赌场提供一个掷骰游戏：你可以一直掷下去，除非掷到 6。

掷到 1–5：分别获得 1–5 美元并累加到总额；
掷到 6：立刻失去一切，游戏结束且收益为 0。

每次掷到 1–5 后你可以选择停下并拿走累计收益，或继续掷。作为风险中性玩家，你愿意为进入游戏支付多少钱？最优策略是什么？

A casino offers a dice game where you may keep rolling as long as you like, unless a 6 appears. After each roll:

If you roll 1, you gain $1.
If you roll 2, you gain $2.
...
If you roll 5, you gain $5.
If you roll 6, you lose everything and the game ends immediately.

After each roll of 1–5, you can decide to stop and keep your accumulated total, or to continue rolling. As a risk-neutral player, how much would you pay to play this game, and what is the optimal strategy?

解析

设当前累计为 $n$ 。

若选择继续掷：以 $1/6$ 概率掷到 6，收益变 0；以 $1/6$ 概率掷到 $k\in\{1,2,3,4,5\}$ ，累计变为 $n+k$ 。

因此继续的期望为

\frac{1}{6}\bigl[(n+1)+(n+2)+(n+3)+(n+4)+(n+5)+0\bigr]=\frac{5n}{6}+2.5.

当继续期望大于当前 $n$ 时才继续：

\frac{5n}{6}+2.5>n\iff n<15.

所以最优策略是：

若 $n<15$ ，继续掷；
若 $n\ge 15$ ，停下。

用递推（注意 $n=14$ 时最多再加 5 到 19）可算出游戏初始价值约为 6.15 美元。

Original Explanation

Let $n$ be your current accumulated total. If you decide to roll again:

With probability $1/6$ , you roll 6 and end up with $0.
With probability $1/6$ for each $k=1,2,3,4,5$ , your total becomes $n+k$ .

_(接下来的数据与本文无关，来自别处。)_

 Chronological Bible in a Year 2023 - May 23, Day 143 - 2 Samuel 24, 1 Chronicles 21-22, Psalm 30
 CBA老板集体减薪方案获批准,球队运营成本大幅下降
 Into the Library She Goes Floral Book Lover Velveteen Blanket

Hence the expected value if you continue is $\frac{1}{6}\bigl[(n+1)+(n+2)+(n+3)+(n+4)+(n+5)+0\bigr] = \frac{5n}{6} + 2.5.$ You should continue if this exceeds your current $n$ , i.e. $\frac{5n}{6} + 2.5 > n \quad\Longrightarrow\quad n < 15.$ So if $n<15$ , you roll again; if $n\ge 15$ , you stop.

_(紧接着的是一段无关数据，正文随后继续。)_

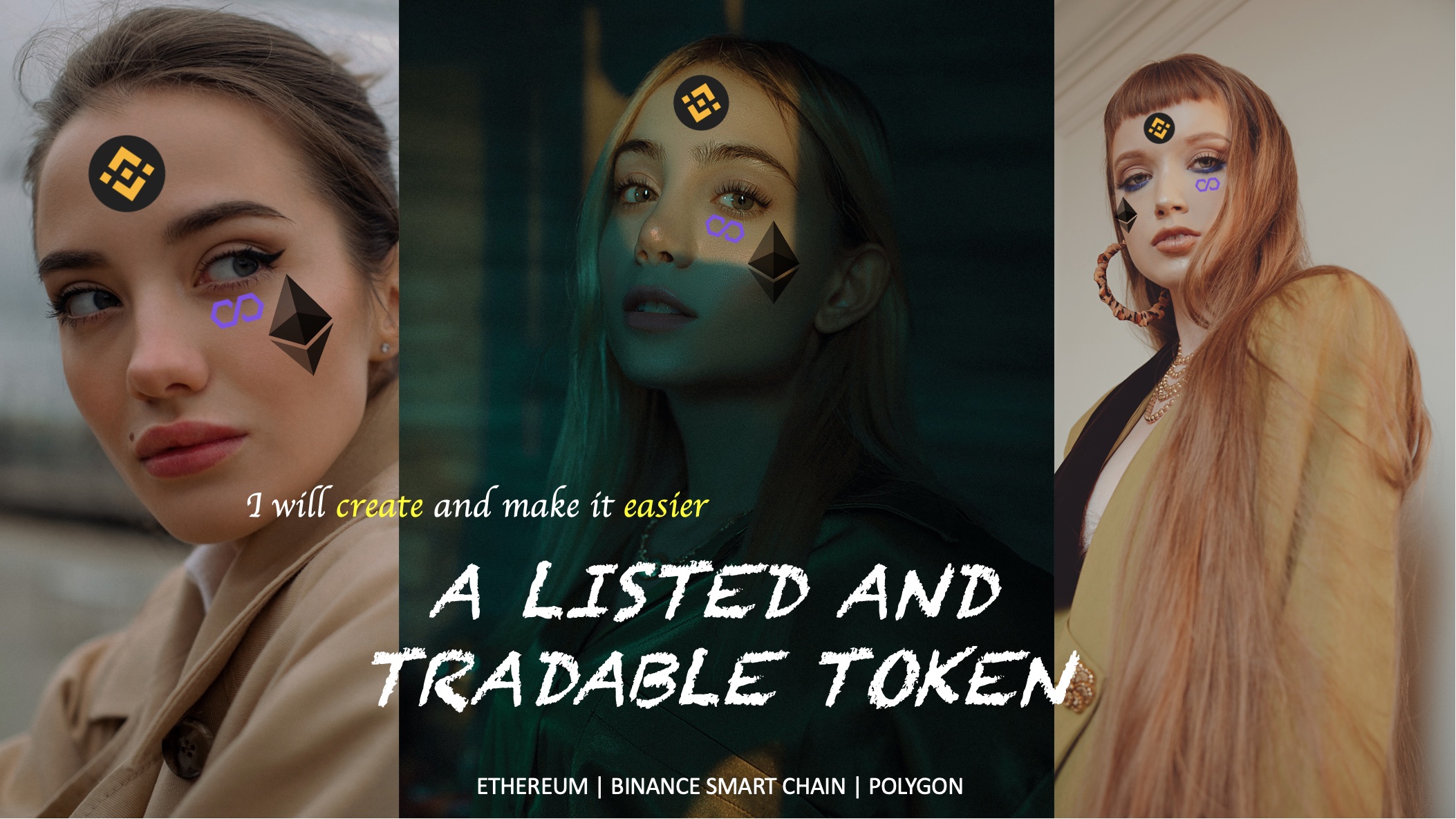 I will create a top level token on ethereum, binance and polygon blockchain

By solving this via backward recursion (noting the maximum possible total is 19 if you are at 14 and roll a 5), one obtains an initial expected value of about $6.15. Thus, you would pay up to $6.15 to play, and the stopping threshold is $n=15$ .